A famine is a widespread scarcity of food, caused by several factors including war, inflation, crop failure, population imbalance, or government policies. This phenomenon is usually accompanied or followed by regional malnutrition, starvation, epidemic, and increased mortality. Every inhabited continent in the world has experienced a period of famine throughout history. In the 19th and 20th century, it was generally Southeast and South Asia, as well as Eastern and Central Europe that suffered the most deaths from famine. The numbers dying from famine began to fall sharply from the 1970s.
Some countries, particularly in sub-Saharan Africa, continue to have extreme cases of famine. Since 2010, Africa has been the most affected continent in the world. As of 2017, the United Nations has warned some 20 million are at risk in South Sudan, Somalia, Nigeria and Yemen. Agricultural conditions have been fluctuating more and more due to variations in weather, and the distribution of food has been affected by conflict. Most programmes now direct their aid towards Africa.

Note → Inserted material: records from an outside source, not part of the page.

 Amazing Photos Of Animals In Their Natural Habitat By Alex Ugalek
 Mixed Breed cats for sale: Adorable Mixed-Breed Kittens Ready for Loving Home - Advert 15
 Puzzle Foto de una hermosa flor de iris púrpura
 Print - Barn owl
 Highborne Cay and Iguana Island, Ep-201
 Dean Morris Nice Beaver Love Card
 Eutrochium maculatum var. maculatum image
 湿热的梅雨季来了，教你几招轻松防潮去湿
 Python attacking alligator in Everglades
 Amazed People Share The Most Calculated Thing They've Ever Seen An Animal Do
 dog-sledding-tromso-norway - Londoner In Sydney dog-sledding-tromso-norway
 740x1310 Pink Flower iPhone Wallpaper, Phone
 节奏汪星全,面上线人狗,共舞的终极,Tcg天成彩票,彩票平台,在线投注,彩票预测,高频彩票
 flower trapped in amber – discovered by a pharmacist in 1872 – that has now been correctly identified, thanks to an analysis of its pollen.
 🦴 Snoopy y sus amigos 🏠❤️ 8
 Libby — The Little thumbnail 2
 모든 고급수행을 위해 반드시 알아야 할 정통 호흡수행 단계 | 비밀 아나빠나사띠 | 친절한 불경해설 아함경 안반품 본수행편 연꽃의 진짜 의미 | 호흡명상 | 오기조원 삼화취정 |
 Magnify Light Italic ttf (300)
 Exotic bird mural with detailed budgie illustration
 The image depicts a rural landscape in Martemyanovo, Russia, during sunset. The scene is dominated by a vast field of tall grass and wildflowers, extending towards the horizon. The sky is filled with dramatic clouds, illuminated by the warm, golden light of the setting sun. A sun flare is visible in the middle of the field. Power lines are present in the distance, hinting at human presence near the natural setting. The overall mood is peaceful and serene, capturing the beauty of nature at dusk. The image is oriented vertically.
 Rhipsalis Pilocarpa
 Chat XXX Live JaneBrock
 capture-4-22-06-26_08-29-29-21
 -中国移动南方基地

According to the United Nations humanitarian criteria, even if there are food shortages with large numbers of people lacking nutrition, a famine is declared only when certain measures of mortality, malnutrition and hunger are met. The criteria are:
- At least 20% of households in an area face extreme food shortages with a limited ability to cope
- The prevalence of acute malnutrition in children exceeds 30%
- The death rate exceeds two persons per 10,000 persons per day
The declaration of a famine carries no binding obligations on the UN or member states, but serves to focus global attention on the problem.